Linda Nordgren, vice president and general manager of merchandising for Safeway Inc., and Lori Carlin Proctor, senior retail supply leader for Procter & Gamble, shared their personal stories during "Influencing Your Leaders,” facilitated by career coach Jo Miller, CEO of Women’s Leadership Coaching.

"Whether you call it ‘influencing’ or ‘persuading’ or just ‘creating awareness,’ it is [important] to make sure that everyone in the organization knows the value that you, as a leader, and your team contributes to the organization,” Nordgren said. 

Proctor urged NEW members to help management "understand what drives you, where your passions lie and what you need to deliver the results that your company needs to become successful.”

Early in her career, Proctor said, she chose to turn down an expected relocation from California to Cincinnati that would advance her career. Assuring her national sales manager that she would "be the very best manager that he had,” she made clear she wanted to continue to grow her career. Her clarity of intention led to career opportunities.

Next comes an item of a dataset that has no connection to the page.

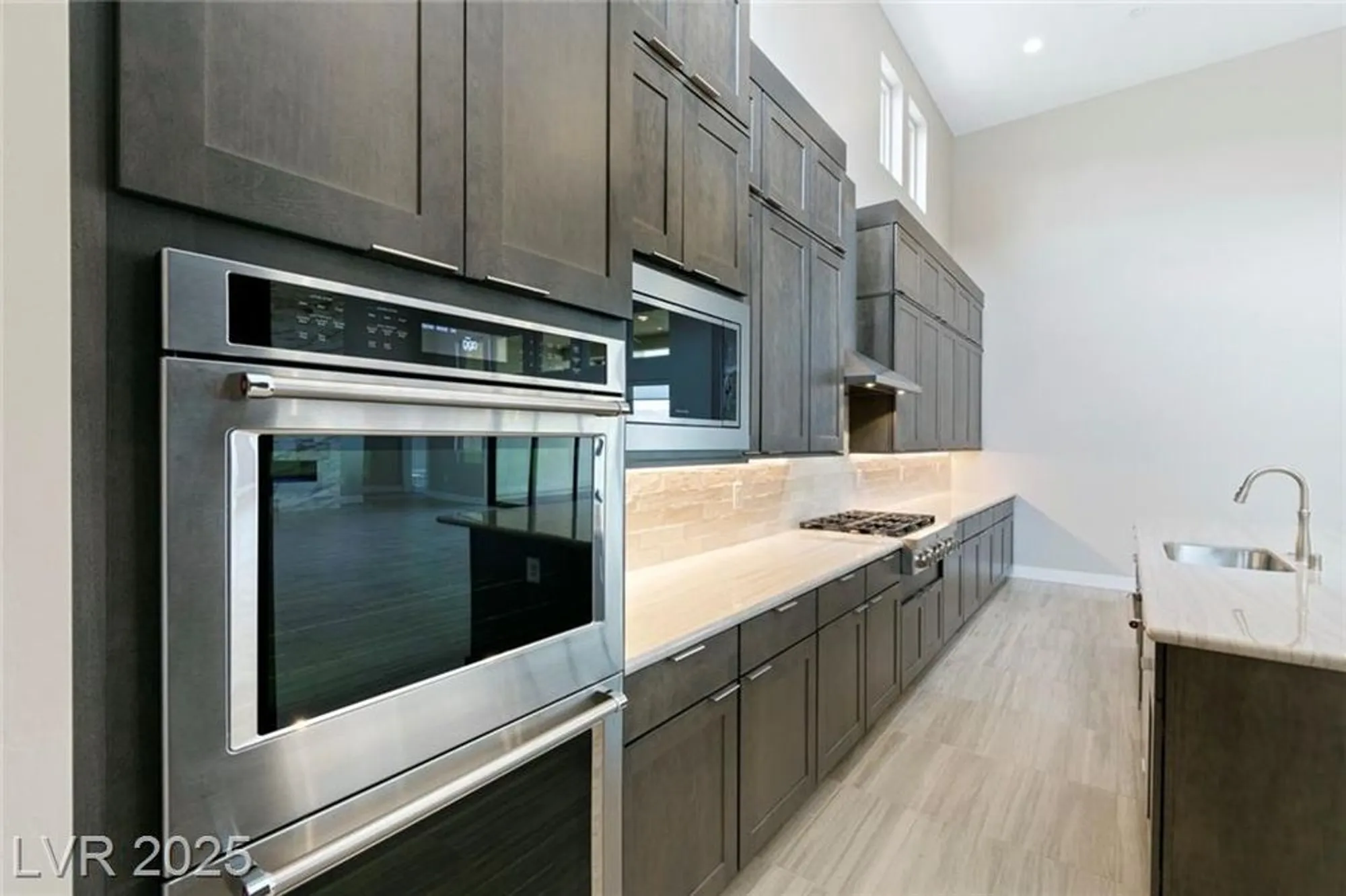 Property Slideshow image 11 of 56 | 104 tre pietre st, Henderson, NV, 89011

"While sometimes we don’t say things perfectly, and we get ourselves in trouble, I will tell you that [direct and transparent communication] has served me well throughout my career,” she said.

Nordgren cited Safeway Executive Vice President Larree Renda, a mentor a role model, as an influential force in her career. Nordgren said Renda taught her to "always have your executive ‘antenna’ up,” stay tuned to the organization and career opportunities and work to be recognized as a leader by volunteering for the job "that absolutely no one wants.”

Following that example, Nordgren was able to impress with her work in a neglected area, then ask for sponsorship for her own strategic initiative.

Keys to influencing leaders

Nordgren urged professionals to know their leaders and to understand their preferred communication style. "We work in such a ‘people industry,’” Nordgren emphasized. "Really understanding what are their strengths, what are the really positive things about them and understanding how they like to communicate and how they like to receive communication is important. That does require doing your homework.”

Proctor advised listeners to be consistent with the message they communicate. "They need to be able to depend upon you, to know that your heart is in what you’re doing and that you’ll continue to deliver.”

"Never forget to reach out for help, early and often,” Proctor added, "but really think about what you need.”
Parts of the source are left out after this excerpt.